Bill George as Salinger in George and Co’s production of Holden, along with Scott Sheppard and Jaime Maseda.

AJB: I think that’s one of the important things about the Southsider mission, that we’re trying to showcase these important, homegrown entities in Bethlehem. You know, it’s not “oh, come see these things and then leave,” it’s more “come here, we have a ton to offer!”

BG: The students [at Lehigh] will only be much healthier [by entering the South Side community]. It’s just a much healthier environment when we share, collaborate, care about each other. I want to be clear that, you know, it’s all good, but we need to constantly work to improve our priorities as to the values we put on art, how we use it, how we make it, how we share it.
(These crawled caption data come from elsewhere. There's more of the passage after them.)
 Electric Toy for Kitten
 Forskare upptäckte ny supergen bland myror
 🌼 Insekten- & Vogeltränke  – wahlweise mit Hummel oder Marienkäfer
AJB: There’s some inherent value to it—

BG: Right! We’re not saying any art is “bad.” And, we were saying how Lehigh is starting to come out and join the community a bit more, and there’s a sense of caring growing out of that. It’s healthier. And, subsequently, the work becomes healthier. It’s like growing food. Yeah, you can come in and lay nitrogen on the soil, and it might be cheaper and you might get a bigger, shinier apple, but you know, organic is good, it improves the soil for all kinds of life. It’s more holistic. That’s the overall, driving thrust of the conversation. But, if you gotta use fertilizer in order to get things to grow, well, it’s still an apple. It’ll still feed you.
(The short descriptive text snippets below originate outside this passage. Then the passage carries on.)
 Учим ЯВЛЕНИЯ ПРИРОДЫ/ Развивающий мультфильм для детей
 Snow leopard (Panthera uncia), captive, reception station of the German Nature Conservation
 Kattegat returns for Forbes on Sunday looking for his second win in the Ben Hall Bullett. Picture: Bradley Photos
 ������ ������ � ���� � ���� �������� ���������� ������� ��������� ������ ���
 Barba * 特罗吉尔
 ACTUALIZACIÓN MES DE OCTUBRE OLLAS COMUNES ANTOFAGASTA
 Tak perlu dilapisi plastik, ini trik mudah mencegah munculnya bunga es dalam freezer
AJB: Is there anything else you want the South Side community to know about the Touchstone mission or even just the arts scene in general? Maybe where you think it’s heading? Really, just anything you’d like to impart.
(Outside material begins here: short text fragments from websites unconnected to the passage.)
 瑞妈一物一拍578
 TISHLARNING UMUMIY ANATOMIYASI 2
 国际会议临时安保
BG: I think it’s so great what’s happening at Lehigh—this turning its face outward and stepping off campus. Crossing that boundary, down to 4th and 3rd streets. And, this has just begun. The people in Bethlehem are amazing. You know, I spend a lot of time on the stage, and only recently have I been able to meet people in businesses because of some development work I’ve gotten into.  And what amazes me is how so many people are working with heart and soul to make Bethlehem and the Lehigh Valley a better place. I just want to tell the Lehigh friends, welcome, come on down, don’t be shy. It’s just people getting on with their lives, trying to build the dream. You will be welcomed with open arms!